Linux RDMA and InfiniBand development
 help / color / mirror / Atom feed
From: Manjunath Patil <manjunath.b.patil@oracle.com>
To: Leon Romanovsky <leon@kernel.org>
Cc: dledford@redhat.com, jgg@ziepe.ca, linux-rdma@vger.kernel.org,
	linux-kernel@vger.kernel.org, rama.nichanamatlu@oracle.com
Subject: Re: [PATCH RFC] RDMA/cm: add timeout to cm_destroy_id wait
Date: Thu, 7 Mar 2024 10:00:49 -0800	[thread overview]
Message-ID: <afab7f4d-d8cd-4582-b46c-d4fa7673f429@oracle.com> (raw)
In-Reply-To: <20240307094607.GB8392@unreal>


On 3/7/24 1:46 AM, Leon Romanovsky wrote:
> On Tue, Mar 05, 2024 at 02:59:11PM -0800, Manjunath Patil wrote:
>>
>>
>> On 3/3/24 1:58 AM, Leon Romanovsky wrote:
>>> On Tue, Feb 27, 2024 at 12:00:17PM -0800, Manjunath Patil wrote:
>>>> Add timeout to cm_destroy_id, so that userspace can trigger any data
>>>> collection that would help in analyzing the cause of delay in destroying
>>>> the cm_id.
>>>
>>> Why doesn't rdmatool resource cm_id dump help to see stalled cm_ids?

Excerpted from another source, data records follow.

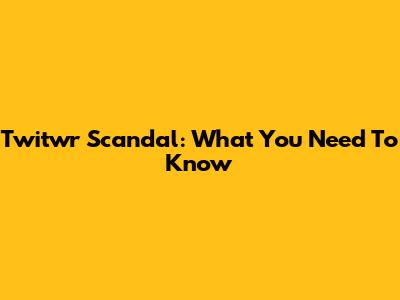 Twitwr Scandal: What You Need To Know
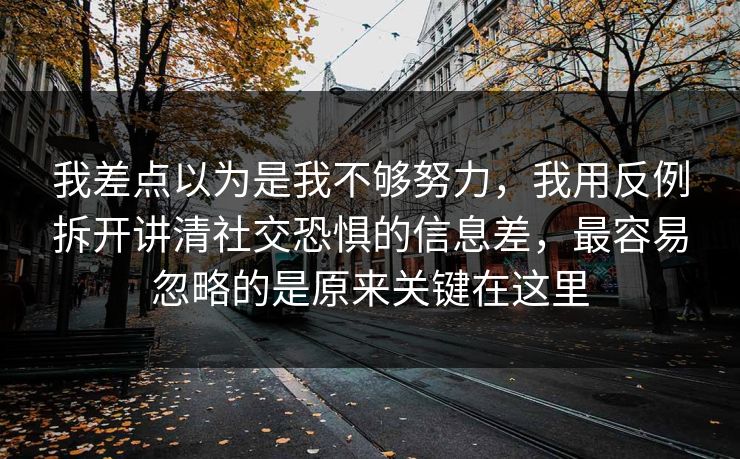 我差点以为是我不够努力，我用反例拆开讲清社交恐惧的信息差，最容易忽略的是原来关键在这里
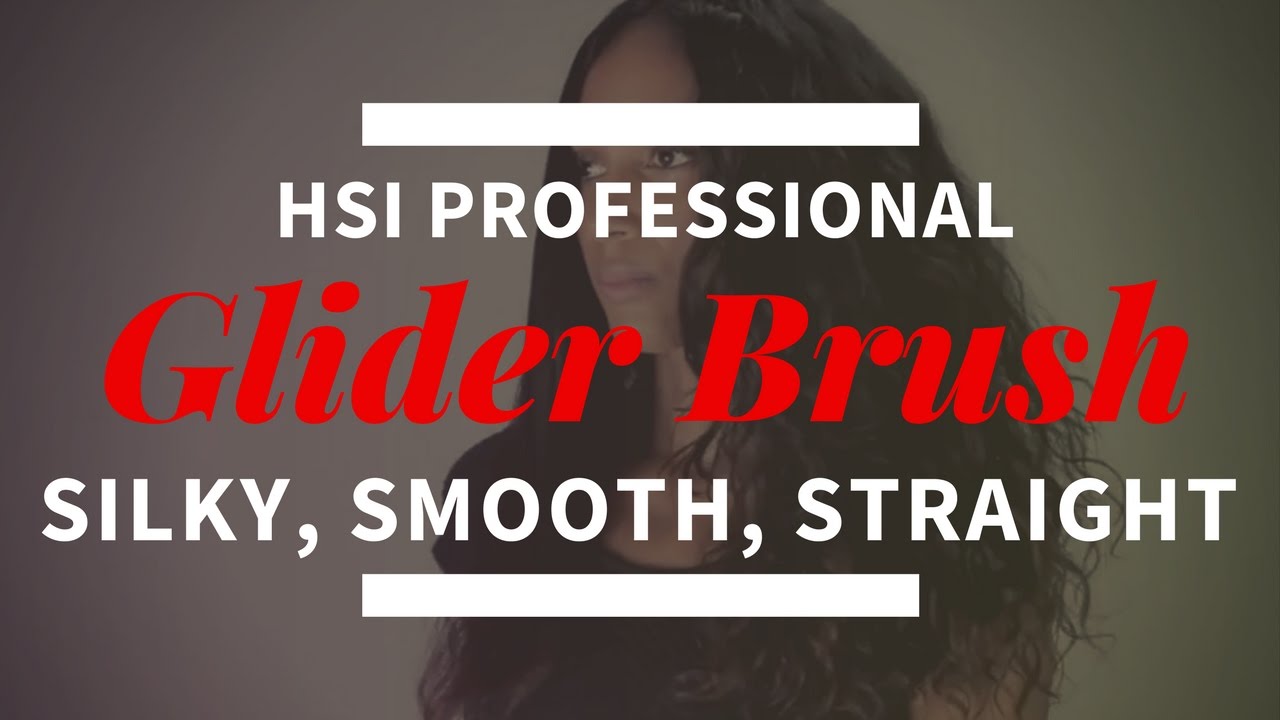 Glider Brush by HSI Professional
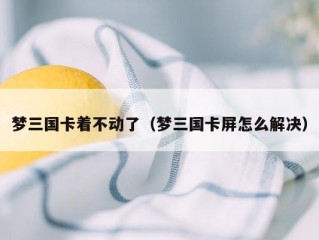 梦三国卡着不动了（梦三国卡屏怎么解决）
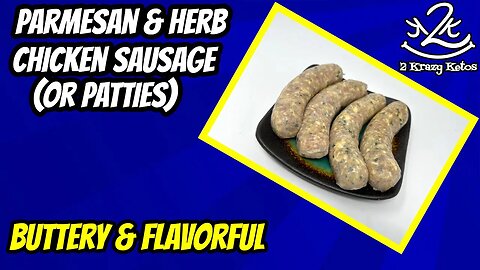 Parmesan Herb Chicken Sausage | Butter & Herb sausage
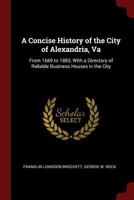 A Concise History of the City of Alexandria, Va: From 1669 to 1883, With a Directory of Reliable Business Houses in the City 1015712827 Book Cover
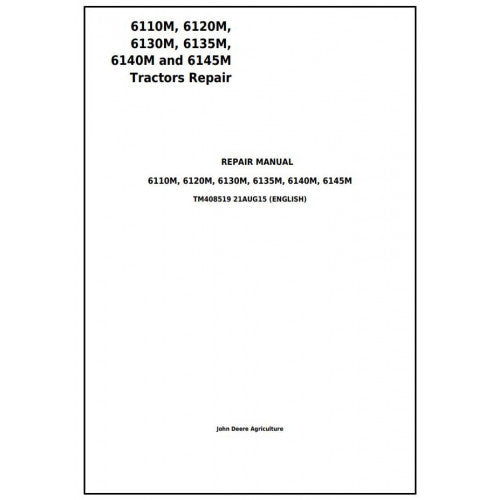 6110M, 6120M, 6130M, 6135M, 6140M, 6145M John Deere Tractor (TM408519) Service Repair Manual 
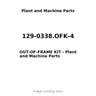 129-0338.OFK-4 - OUT-OF-FRAME KIT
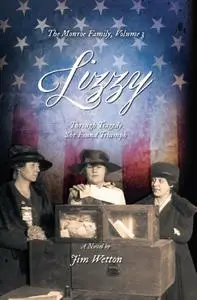 LIZZY: Through Tragedy She Found Triumph (The Monroe Family, Book 3)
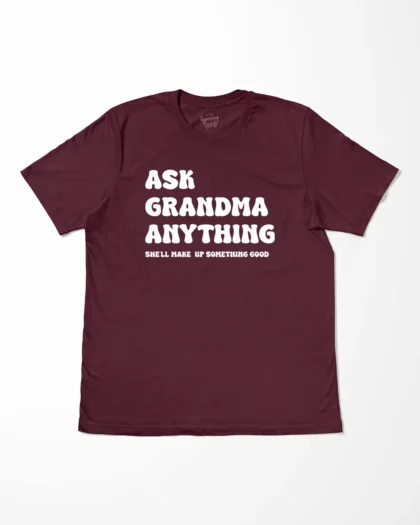 Ask Grandma Anything T-Shirt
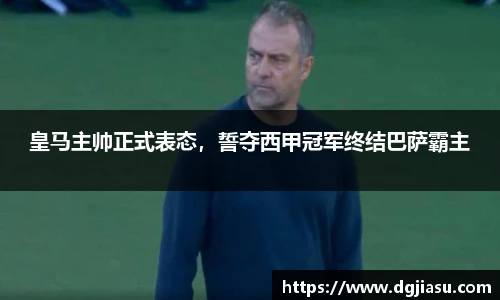 皇马主帅正式表态，誓夺西甲冠军终结巴萨霸主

>> Wouldn't this require us to know cm_id before hand?
>>
>> I am unfamiliar with rdmatool. Can you explain how I use it to detect a stalled connection?
> 
> Please see it if it can help:
> https://urldefense.com/v3/__https://www.man7.org/linux/man-pages/man8/rdma-resource.8.html__;!!ACWV5N9M2RV99hQ!K0TW8CNb7aCJsJbLV7Uhy9K_rOdMuHsHoUki2GIaxxQt0hd31pUCi9FeGMx2hTNI0j48ju1D6KiIrDNJ254$
> rdma resource show cm_id ...
> 
Thank you for the reference. I will go through it.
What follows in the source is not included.